Was wird hauptsächlich an Marx kritisiert?
Seine Analyse über Herrschaft und Staat, dass er den Staat als fortschrittlich und als Notwendigkeit betrachtet, sehen wir kritisch. Die Gesellschaften können auch ohne Staat existieren. Dass Marx die Entwicklung der Geschichte nur unter dem Aspekt der Klassen analysiert, betrachten wir auch kritisch. Die Geschichte ist nicht nur die Geschichte der Klassen, die Menschheitsgeschichte ist viel älter. Die Geschichte der Klassen ist erst 5.000 Jahre alt. Deshalb kann man die Geschichte nicht ausschließlich unter dem Aspekt der Klassengesellschaft betrachten. Bei der Entwicklung der Gesellschaften spielen zwar die Produktionsmittel eine Rolle, aber nicht die Hauptrolle. Auch die Frauenfrage analysiert er nur unter dem Aspekt der Klassenkämpfe, das halten wir für ungenügend. Die Frauenfrage ist viel umfassender und weitergehend.

Wie befasst sich die Bildung mit der Frage nach kollektivem Eigentum?

Erst einmal müssen wir etwas klarstellen: Wir behaupten nicht, dass wir die richtige Lösung gefunden haben. Wir sind aber der Meinung, dass das System, das wir versuchen zu entwickeln, einer richtigen Lösung am nächsten kommt. So wie der Westen vor der Renaissance versucht hat, die Werte der antiken Griechen aufzuspüren, versuchen wir heute, die alten Werte der östlichen Gesellschaften wieder zu entdecken. Die kommunale Gesellschaft ist in den Gesellschaften des Ostens vorhanden. Auch wenn das kapitalistische System seinen Platz in den Gesellschaften des Ostens eingenommen und sich ein unausgewogenes Leben entwickelt hat, gab es hier immer das kommunale Leben und die kommunale Denkweise. Die Städte sind ein Problem, denn die Städte sind das Zentrum der kapitalistischen Moderne.
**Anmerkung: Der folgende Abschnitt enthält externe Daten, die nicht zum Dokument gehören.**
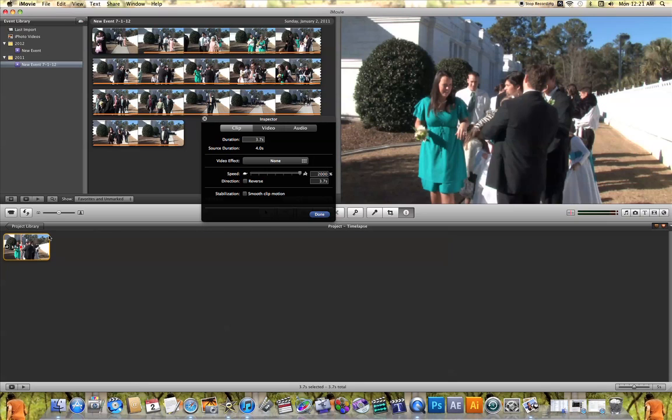Not only will it change the length of the clip down here in my project timeline, but you'll also notice what the time has been changed to down in this box underneath the percentage box. So this clip has now been changed to 3.7 seconds.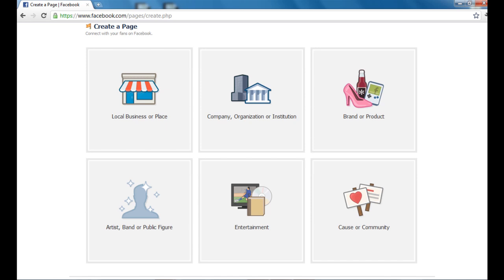And then you have cause or community. A cause or community page is basically a page that has several authors or admins, and they contribute to a general topic and are able to share that information and update it. So you've got those six different options to create a Facebook fan page.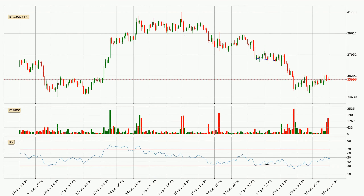Searching for divergence in the hourly time frame, there was a bullish divergence, but the price went to the downside, which was actually not expected.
Der Individualismus und die Eigennützigkeit werden hier gefördert. Deshalb ist es wichtig, hier einen Mentalitätswechsel zu schaffen, und das versuchen die Akademien. Unser Ziel ist es, den Kurd_innen, die in die Städte ausgewandert sind, das kommunale System wieder nahe zu bringen, aber wir haben für die Städte im Moment keine fertige Lösung.

Was ist das Ziel der Selbstreflexion und Selbstkritik am Ende der Bildungseinheiten?
Das Ziel der Selbstreflexion ist, sich selbst zu erkennen und mit der eigenen Arroganz zu brechen. Bei der Reflexion eines Mannes wird seine Denkweise über die Frau analysiert, wie er über Frauen denkt und wie er mit Frauen umgeht. Ob er Kader werden kann oder nicht, ob er ein Teil der Arbeit werden kann oder nicht, hängt von seiner Denkweise über die Frau ab. Falls er rückschrittlich in Bezug auf Frauen denkt, wird das streng kritisiert und nicht akzeptiert.